Greece: Breaking Stereotypes
One of the unique aspects of the Fulbright Schuman fellowship is its stipulation that scholars divide their time between at least two European Union member states. I spent the first half of my fellowship in Kiel, Germany; and the second in Athens, Greece.
Shortly before I left Kiel, one of my German friends warned me that Greece would be very different and not in a positive way. “Be prepared,” he warned me, “for a lot of inefficiency.” After my first few days in Athens, I certainly saw contrasts between the two nations. The public transportation was not as developed as in Germany, the city was grittier than Kiel, and the recent economic crisis still held a grip on society with people lamenting about unemployment and tensions between anarchists and the police.
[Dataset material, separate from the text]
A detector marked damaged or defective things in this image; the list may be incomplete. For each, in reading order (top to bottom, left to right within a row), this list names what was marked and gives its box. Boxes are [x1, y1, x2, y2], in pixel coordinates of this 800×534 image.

A retired Greek police officer who I got to know at a local gym once said to me, “John, what you have to understand is that Greece is third world country.” Much to my surprise, the social and economic contrasts between the two nations did not manifest themselves in the Armed Forces.
My supervisor at the Hellenic National Defence College (HNDC), Captain Deyannis HN, turned out to be one of the brightest and most competent naval officers I have met in my 22 years of government service. A former frigate commander, he immediately took charge, arranging a slew of research interviews. The officers I interviewed proved equally bright and hard-charging. They generally began the interviews by challenging me—asking me why I was there and what thesis I hoped to prove. If I said something they disagreed with, they never hesitated to debate me on a point—usually winning. I later experienced this same penchant for the Socratic style while delivering lectures at HNDC.
The Hellenic Navy and Coast Guard provided me with unprecedented access. I interviewed all ranks, from admiral to conscript, and learned about is various migration operations, tactics, and strategy. A highlight of the trip was travelling to Samos Island, a migrant “hot spot,” to see the front lines of the crisis and interview officers just coming off missions.
I arrived in Samos during a surge in migration from Turkey, which lay just across a straight less than 1,600 meters away at its narrowest point. Over 9,000 immigrants had landed or been transported by Coast Guard vessels to Samos from January through October 2019. They lived in a crowded camp above the port of Vathy and spent much of their day milling around town. The migrants seemed better dressed and certainly better behaved than the media accounts had indicated, but I still felt sympathy for these people fleeing war or lack of economic opportunity. I also felt concern for the Hellenic and European Union Coast Guard personnel stationed on the island. There was no escape from their mission: the people whom they might rescue one day would appear the next day in the town square. When the weather was good (as it was during my visit), the Coast Guards worked long hours saving lives and protecting the border of Europe. But these men and women never complained and all expressed pride in their work. I am humbled and honored that they found time in their schedules to talk to me.
Currently, Greece spends more than 2% of its GDP on defense and punches well above its weight class in defense. From my experiences working daily with the Hellenic Armed Forces, I now understand that this contribution not only entails financial capital but human capital as well. Some of Greece’s most highly educated citizens serve in the military, making it a surprisingly effective, capable, and democratic organization in a country sometimes criticized for dysfunction.
John Sherwood is a historian with U.S. Navy’s Naval History and Heritage Command. As a Fulbright- Schuman fellow, he will be working on the subject of EU and NATO naval migration related operations. While in Europe, he will divide his time between two host institutions: the Institute for the Security Policy at Kiel University and the Hellenic National Defence College in Athens. John holds a PhD in history from The George Washington University, and has authored six books in military and naval history.